Oui, Michel Louvain. Première idole de la chanson populaire d'ici, Michel Louvain s'offrira en bouquet final de la tournée de ses 50 ans de carrière la totale au Centre Bell ce printemps, le 1er juin très exactement, avec danseurs et escalier géant: nous y serons, pétris d'admiration. Je le dis sans ironie aucune, c'est l'événement de la saison locale. Plus événementiel que les rentrées de Jorane, de Kaïn, d'Alfa Rococo, de Laurence Jalbert, de Sylvain Cossette (avec son show 70's) et même d'Isabelle Boulay, plus fort encore que la grosse bringue de Louis-José Houde au même Centre Bell, aussi spécial que les soirées intimes de Daniel Bélanger au Monument-National (les 8 et 9 février). Pour Louvain, ce n'est pas une rentrée, c'est l'apothéose.
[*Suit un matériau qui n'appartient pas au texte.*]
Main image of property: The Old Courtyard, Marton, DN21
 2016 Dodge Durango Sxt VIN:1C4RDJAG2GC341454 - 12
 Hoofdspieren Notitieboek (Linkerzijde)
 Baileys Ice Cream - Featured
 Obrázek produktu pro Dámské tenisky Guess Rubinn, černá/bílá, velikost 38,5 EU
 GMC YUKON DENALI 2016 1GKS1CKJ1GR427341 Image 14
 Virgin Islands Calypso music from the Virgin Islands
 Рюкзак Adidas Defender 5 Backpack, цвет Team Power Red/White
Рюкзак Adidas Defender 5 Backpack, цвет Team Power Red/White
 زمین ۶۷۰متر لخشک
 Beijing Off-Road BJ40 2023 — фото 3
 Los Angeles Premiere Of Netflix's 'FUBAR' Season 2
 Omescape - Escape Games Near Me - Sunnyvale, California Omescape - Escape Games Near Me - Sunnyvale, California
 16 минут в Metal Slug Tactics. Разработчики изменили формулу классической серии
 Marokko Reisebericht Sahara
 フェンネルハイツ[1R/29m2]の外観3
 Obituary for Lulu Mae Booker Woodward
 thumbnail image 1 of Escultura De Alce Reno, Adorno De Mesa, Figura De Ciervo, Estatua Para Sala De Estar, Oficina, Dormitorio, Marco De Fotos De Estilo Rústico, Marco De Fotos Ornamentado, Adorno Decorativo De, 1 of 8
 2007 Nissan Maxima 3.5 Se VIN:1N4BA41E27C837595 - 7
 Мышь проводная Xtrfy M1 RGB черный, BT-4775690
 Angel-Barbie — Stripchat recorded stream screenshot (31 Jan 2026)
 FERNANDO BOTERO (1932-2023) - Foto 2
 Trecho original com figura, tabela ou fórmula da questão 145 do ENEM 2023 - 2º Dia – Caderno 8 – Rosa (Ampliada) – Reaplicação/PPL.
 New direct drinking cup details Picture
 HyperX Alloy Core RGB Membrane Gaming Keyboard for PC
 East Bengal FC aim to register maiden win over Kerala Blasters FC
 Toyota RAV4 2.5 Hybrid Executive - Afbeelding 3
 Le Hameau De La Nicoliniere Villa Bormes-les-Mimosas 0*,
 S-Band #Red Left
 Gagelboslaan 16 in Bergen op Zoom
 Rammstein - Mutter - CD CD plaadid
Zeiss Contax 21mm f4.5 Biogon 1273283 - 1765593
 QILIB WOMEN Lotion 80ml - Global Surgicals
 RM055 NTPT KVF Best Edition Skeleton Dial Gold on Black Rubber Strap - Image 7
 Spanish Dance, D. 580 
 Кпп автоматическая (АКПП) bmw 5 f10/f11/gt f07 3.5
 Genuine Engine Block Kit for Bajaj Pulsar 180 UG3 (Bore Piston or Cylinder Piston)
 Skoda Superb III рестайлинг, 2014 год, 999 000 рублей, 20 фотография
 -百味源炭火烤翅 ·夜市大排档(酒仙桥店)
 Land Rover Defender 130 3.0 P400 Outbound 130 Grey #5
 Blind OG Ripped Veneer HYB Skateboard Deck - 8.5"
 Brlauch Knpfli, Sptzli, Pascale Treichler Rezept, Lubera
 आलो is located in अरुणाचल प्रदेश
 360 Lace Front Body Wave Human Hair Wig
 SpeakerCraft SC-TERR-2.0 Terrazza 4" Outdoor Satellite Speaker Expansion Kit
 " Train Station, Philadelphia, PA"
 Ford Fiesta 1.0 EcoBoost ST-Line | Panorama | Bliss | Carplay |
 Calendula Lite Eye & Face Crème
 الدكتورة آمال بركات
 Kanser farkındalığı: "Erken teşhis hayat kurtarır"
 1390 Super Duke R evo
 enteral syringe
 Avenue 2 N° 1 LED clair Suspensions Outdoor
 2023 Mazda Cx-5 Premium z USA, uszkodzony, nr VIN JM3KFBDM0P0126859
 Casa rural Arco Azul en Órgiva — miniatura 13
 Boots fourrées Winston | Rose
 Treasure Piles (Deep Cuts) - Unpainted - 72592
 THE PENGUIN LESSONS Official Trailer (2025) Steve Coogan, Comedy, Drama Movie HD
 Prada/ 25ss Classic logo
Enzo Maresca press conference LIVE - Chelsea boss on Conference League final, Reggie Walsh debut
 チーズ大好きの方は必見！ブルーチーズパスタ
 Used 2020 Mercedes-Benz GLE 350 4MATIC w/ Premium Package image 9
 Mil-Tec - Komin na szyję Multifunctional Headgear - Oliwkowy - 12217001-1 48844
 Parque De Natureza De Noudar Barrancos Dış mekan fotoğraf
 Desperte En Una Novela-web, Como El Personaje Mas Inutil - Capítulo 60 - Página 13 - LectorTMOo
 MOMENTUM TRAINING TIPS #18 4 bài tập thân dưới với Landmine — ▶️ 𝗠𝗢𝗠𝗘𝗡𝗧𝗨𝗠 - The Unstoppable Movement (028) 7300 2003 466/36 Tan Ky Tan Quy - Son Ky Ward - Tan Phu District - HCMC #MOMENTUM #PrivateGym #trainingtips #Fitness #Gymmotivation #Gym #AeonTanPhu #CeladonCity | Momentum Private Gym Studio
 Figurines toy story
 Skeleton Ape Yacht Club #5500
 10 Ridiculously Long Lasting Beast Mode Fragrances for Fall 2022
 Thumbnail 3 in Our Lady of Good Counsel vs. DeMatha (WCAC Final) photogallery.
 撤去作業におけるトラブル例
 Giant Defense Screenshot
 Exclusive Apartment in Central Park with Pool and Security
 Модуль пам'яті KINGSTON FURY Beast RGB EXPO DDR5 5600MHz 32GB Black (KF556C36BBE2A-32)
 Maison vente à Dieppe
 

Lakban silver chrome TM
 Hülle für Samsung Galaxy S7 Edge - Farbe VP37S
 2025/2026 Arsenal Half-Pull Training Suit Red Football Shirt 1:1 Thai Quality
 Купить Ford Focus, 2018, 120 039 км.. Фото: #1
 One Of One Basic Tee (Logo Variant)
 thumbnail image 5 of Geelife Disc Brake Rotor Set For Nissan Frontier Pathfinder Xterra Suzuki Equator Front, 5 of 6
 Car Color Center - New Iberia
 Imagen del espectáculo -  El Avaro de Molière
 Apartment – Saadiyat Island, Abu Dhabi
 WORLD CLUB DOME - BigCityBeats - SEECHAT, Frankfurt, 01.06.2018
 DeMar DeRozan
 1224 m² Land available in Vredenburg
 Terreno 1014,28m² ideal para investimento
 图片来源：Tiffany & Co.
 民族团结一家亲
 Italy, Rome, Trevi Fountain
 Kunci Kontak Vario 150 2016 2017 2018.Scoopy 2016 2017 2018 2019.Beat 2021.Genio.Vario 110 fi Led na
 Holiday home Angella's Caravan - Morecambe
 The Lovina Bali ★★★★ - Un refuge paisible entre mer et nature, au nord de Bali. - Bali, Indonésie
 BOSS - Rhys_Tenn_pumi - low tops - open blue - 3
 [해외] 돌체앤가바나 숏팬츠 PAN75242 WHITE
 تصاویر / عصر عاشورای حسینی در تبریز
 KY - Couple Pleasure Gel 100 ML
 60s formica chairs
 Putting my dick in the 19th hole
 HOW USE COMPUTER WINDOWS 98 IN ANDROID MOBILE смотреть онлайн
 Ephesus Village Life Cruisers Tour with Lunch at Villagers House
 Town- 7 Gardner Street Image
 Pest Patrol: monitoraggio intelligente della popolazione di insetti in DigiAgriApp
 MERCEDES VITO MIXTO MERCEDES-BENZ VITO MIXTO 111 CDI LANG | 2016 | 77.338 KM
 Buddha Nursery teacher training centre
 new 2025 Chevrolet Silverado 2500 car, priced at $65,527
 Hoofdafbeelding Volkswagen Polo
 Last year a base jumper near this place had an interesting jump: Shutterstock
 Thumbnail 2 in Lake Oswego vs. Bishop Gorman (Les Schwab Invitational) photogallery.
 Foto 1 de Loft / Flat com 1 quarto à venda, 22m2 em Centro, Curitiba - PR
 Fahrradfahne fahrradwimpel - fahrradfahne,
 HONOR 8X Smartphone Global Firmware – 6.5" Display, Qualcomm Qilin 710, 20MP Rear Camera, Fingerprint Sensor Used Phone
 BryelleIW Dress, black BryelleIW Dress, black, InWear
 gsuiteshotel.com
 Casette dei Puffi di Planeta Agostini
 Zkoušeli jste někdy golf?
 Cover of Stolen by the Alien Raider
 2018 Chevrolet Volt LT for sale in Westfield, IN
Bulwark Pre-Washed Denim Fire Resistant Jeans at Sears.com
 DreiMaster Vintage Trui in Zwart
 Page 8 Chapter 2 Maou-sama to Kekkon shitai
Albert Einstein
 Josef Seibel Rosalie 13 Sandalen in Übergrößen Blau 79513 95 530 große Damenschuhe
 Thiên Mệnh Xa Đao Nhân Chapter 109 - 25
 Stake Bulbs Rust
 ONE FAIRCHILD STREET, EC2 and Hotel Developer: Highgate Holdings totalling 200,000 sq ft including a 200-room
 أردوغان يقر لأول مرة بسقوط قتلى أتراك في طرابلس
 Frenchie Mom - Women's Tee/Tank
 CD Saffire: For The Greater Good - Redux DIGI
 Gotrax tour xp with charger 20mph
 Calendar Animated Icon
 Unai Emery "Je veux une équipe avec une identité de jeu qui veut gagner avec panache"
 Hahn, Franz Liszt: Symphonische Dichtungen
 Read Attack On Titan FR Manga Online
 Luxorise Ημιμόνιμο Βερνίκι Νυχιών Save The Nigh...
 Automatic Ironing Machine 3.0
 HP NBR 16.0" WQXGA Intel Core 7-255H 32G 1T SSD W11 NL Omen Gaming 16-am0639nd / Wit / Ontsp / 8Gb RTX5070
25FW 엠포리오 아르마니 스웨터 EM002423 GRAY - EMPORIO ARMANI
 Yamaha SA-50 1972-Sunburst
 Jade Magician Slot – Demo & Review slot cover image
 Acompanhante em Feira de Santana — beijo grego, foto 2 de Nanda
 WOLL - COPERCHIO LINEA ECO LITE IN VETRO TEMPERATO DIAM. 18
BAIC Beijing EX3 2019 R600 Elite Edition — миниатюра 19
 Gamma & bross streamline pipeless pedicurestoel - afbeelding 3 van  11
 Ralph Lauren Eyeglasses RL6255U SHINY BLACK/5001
On ne sera pas moins heureux de retrouver Clémence DesRochers sur les planches du Gesù, lundi et mardi prochains (plus quelques soirs en avril): l'alerte de santé passée, le spectacle prévu à l'automne aura enfin lieu, et la septuagénaire jeune fille nous servira ses «classiques», en compagnie de l'estimable Steve Normandin. Là-dessus, à vos billetteries.